WHAT THE TASK ASKS » Would you transcribe the entries below, beginning at the line with "Today I'm going to show" and ending after the line with "Hi, this is", exactly, with no picture and nothing more?

DATA RECORDS »
--- START ---
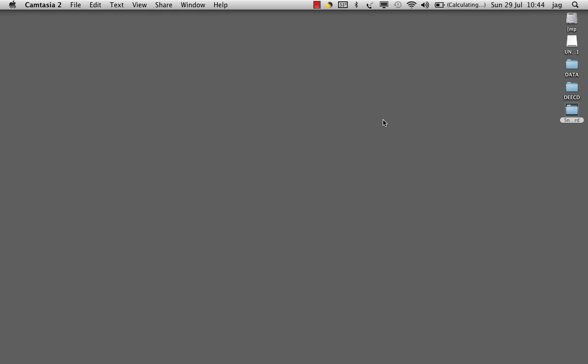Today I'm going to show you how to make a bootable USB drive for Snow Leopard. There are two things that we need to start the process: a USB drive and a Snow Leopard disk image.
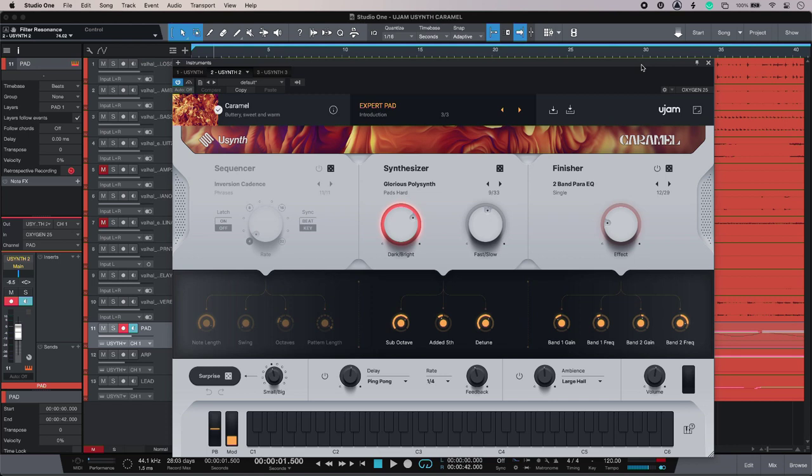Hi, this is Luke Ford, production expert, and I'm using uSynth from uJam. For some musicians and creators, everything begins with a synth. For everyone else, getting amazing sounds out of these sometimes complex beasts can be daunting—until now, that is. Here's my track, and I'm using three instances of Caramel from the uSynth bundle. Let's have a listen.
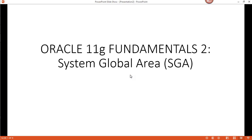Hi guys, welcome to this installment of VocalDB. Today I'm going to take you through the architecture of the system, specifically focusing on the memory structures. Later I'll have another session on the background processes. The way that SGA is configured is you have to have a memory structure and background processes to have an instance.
--- END ---
--- START ---
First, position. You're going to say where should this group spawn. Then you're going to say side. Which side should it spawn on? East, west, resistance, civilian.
--- END ---
ANSWER FOR THIS EXERCISE »
Today I'm going to show you how to make a bootable USB drive for Snow Leopard. There are two things that we need to start the process: a USB drive and a Snow Leopard disk image.
Hi, this is Luke Ford, production expert, and I'm using uSynth from uJam. For some musicians and creators, everything begins with a synth. For everyone else, getting amazing sounds out of these sometimes complex beasts can be daunting—until now, that is. Here's my track, and I'm using three instances of Caramel from the uSynth bundle. Let's have a listen.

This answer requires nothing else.